En premier lieu, on trouve des « tracking polls », qui sont des études quotidiennes. Bien qu’ils procèdent selon des méthodologies différentes, ces sondages quotidiens (UPI/Cvoter, LATimes/USC Dornsife, People’s Pundit Daily) sont les plus favorables à Trump, puisqu’ils le mettaient à 3-5 points de retard début août, et le donnent aujourd’hui à égalité ou en tête.

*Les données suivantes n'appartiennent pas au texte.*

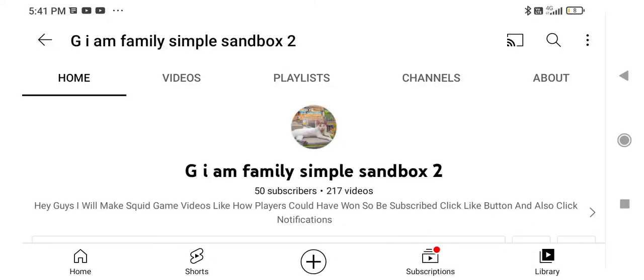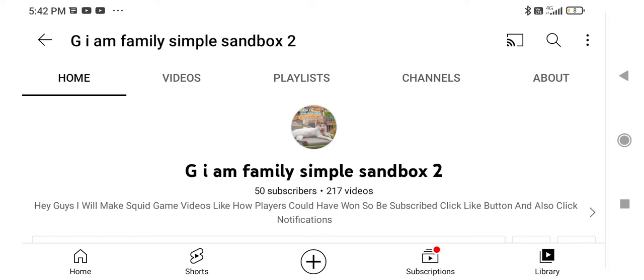Oh my god guys, wow, 50 subscribers! My dream came true to be like a YouTuber with 50 subscribers. I hope I get 100 subs, I really want it, then 200, 300, 400.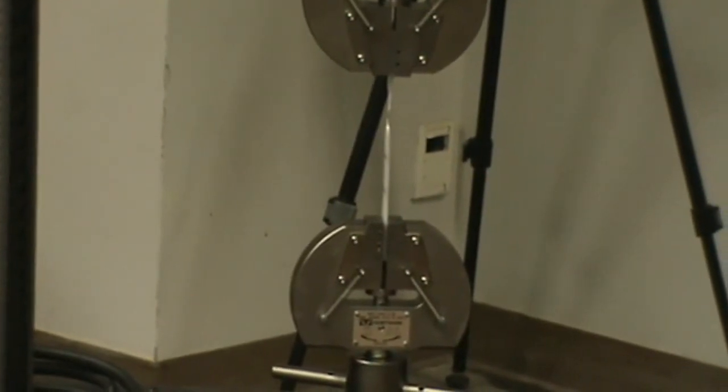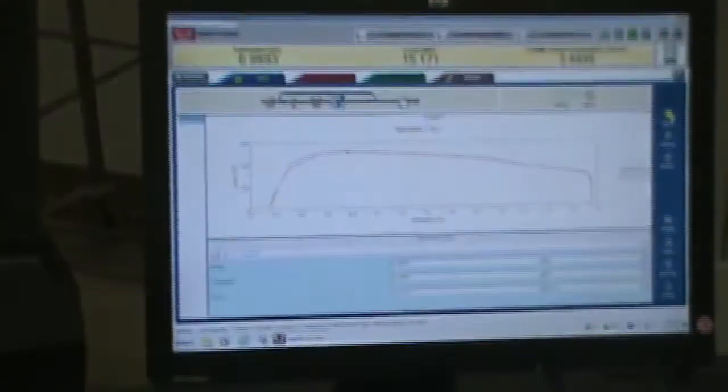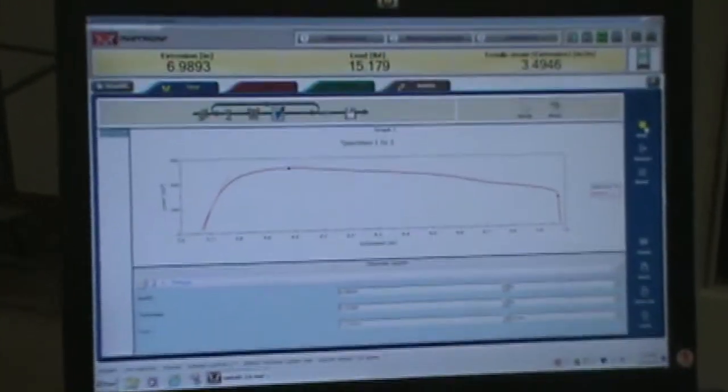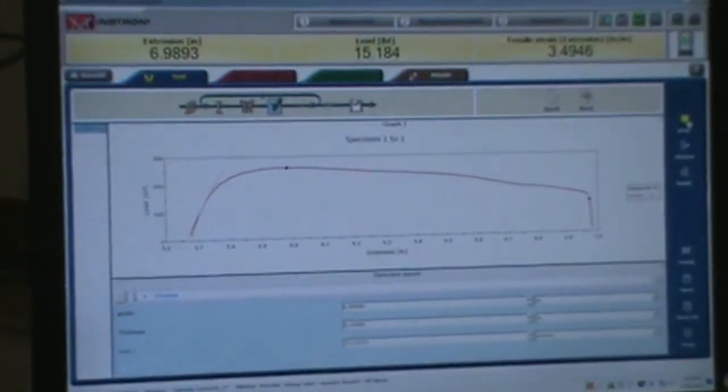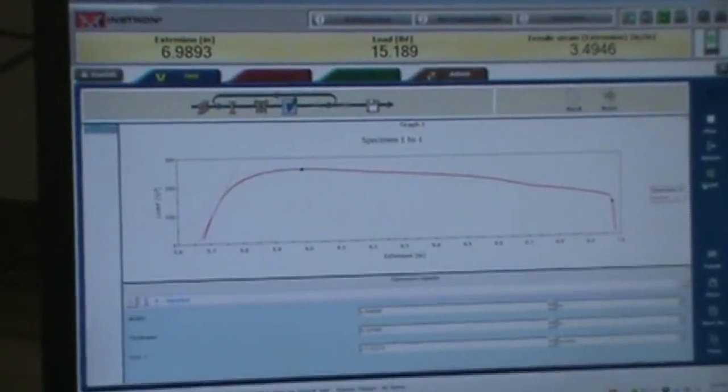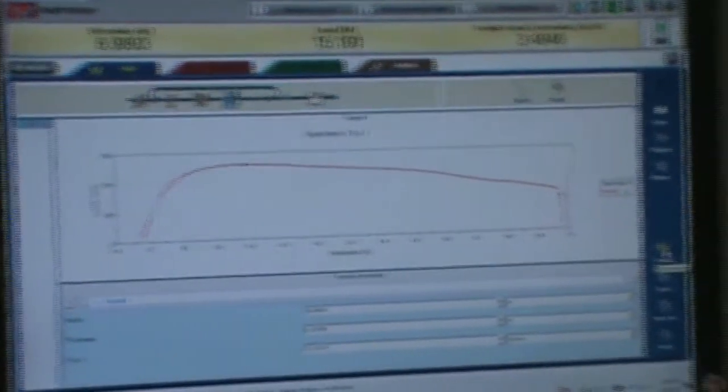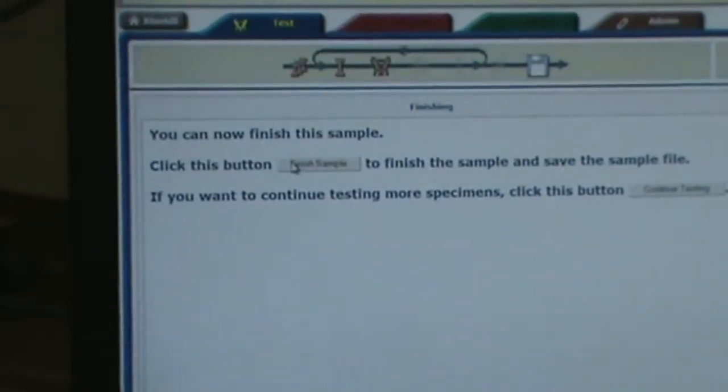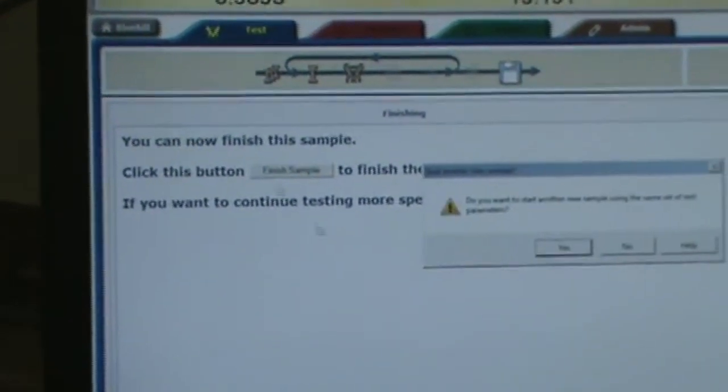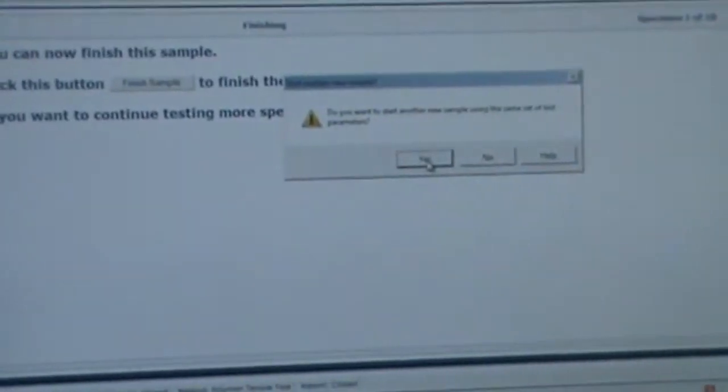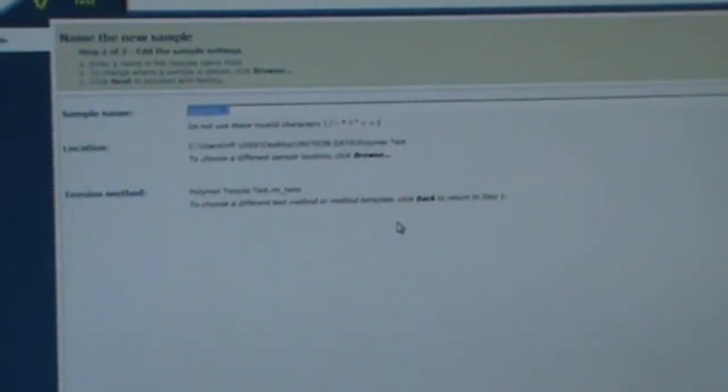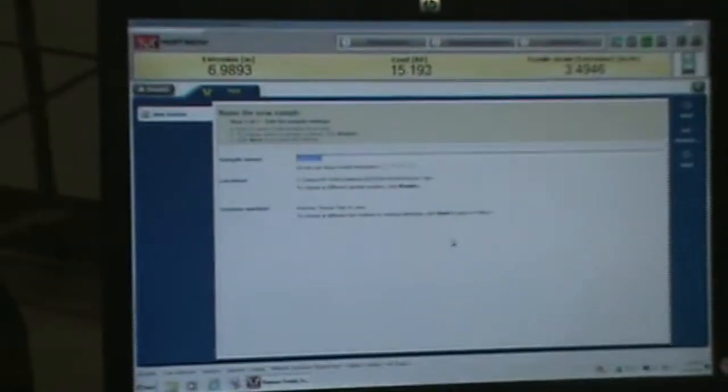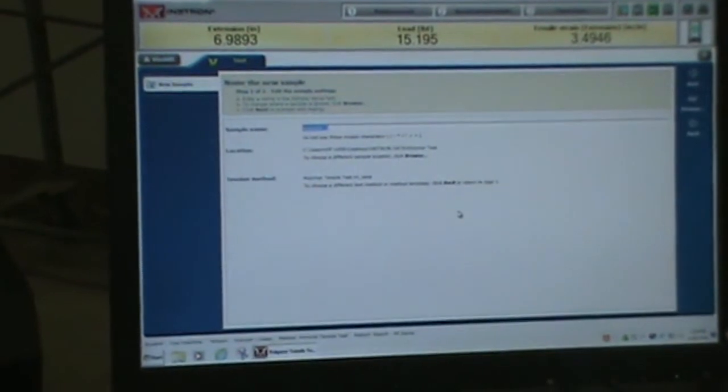Now this next step is very important. If you don't do this, item 13 on this worksheet, you're going to lose your data. So you come down here and go to finish. You come over here and go right to finish sample. And you're going to do a yes because we're going to do another test. That's all you have to do.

On trouve ensuite des sondages aux méthodologies plus classiques, qui donnaient début août beaucoup d’avance à Clinton, et qui à présent donnent un égard situé entre 1 et 6 points seulements. Morning Consult donnait 9 points d’avance à Clinton le 5 août, contre 3 seulement le 26 août. IBD/TIPP donnait 7 points d’avance à Clinton le 4 août, contre 1 seulement le 1er septembre. NBC News donnait 10 points d’avance à Clinton le 7 août, contre 6 seulement le 28 août, et ainsi de suite. Le changement le plus spectaculaire vient de l’institut Ipsos, qui donnait 12% de retard à Trump le 22 août, 7 le 24, 5 le 25, 1 le 29, et lui donne un point d’avance aujourd’hui.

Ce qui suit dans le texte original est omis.